The Pulumi Databricks resource provider is based on the Databricks Terraform provider. For more information, see Terraform Cloud.

Requirements

  • A Pulumi account. Sign up for Pulumi, if you do not already have a Pulumi account. Pulumi is free for individuals, and offers a free tier for teams.

  • Python 3.6 or higher. To check whether you have Python installed, run the command python --version from your terminal or with PowerShell. Install Python, if you do not have it already installed.

    Note

    Some installations of Python may require you to use python3 instead of python. If so, substitute python for python3 throughout this article.

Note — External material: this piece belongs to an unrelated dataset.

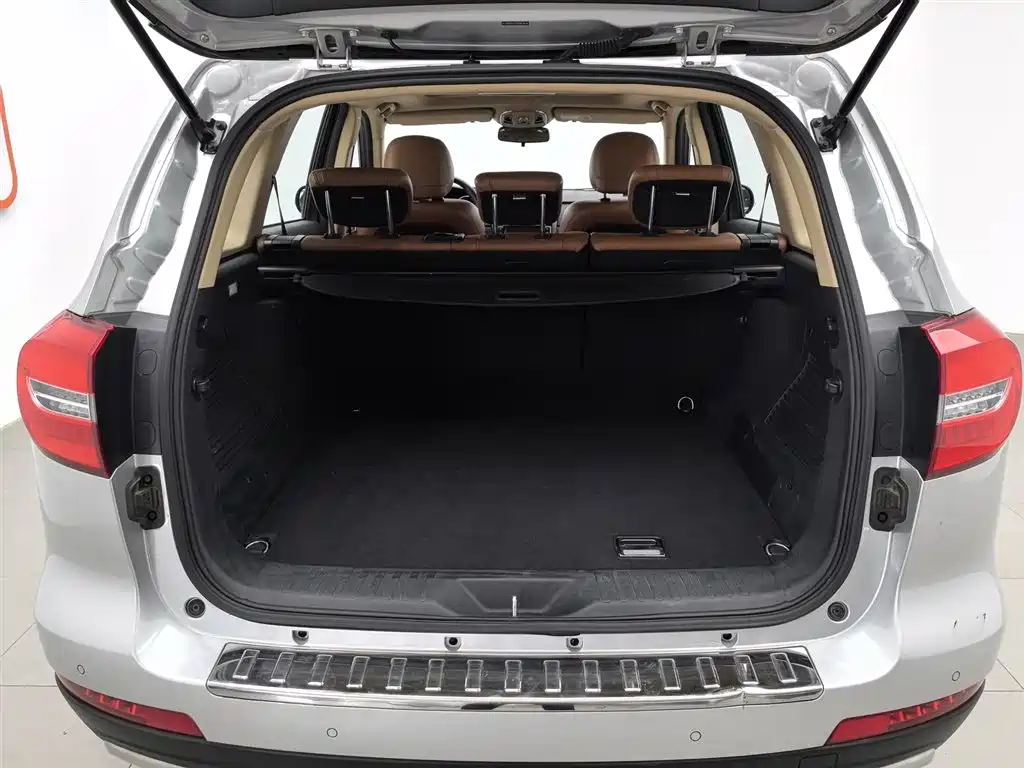 Haval H8 2015 2.0T 2WD Standard фото 16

  • Your Databricks workspace instance URL, for example https://1234567890123456.7.gcp.databricks.com.

  • A Databricks personal access token for your Databricks workspace, to enable Pulumi to automatically build, deploy, and manage Databricks resources on your behalf. To create a Databricks personal access token, see Generate a personal access token and Manage personal access tokens.

The following steps show how to create a Pulumi Databricks project with Python. For a tutorial from a purely cloud provider-first perspective instead, see Get Started with Google Cloud in the Pulumi documentation. For a tutorial from a programming language-first perspective instead, see Python, Node.js (JavaScript, TypeScript), Go, and .NET (C#, VB, F#) in the Pulumi documentation.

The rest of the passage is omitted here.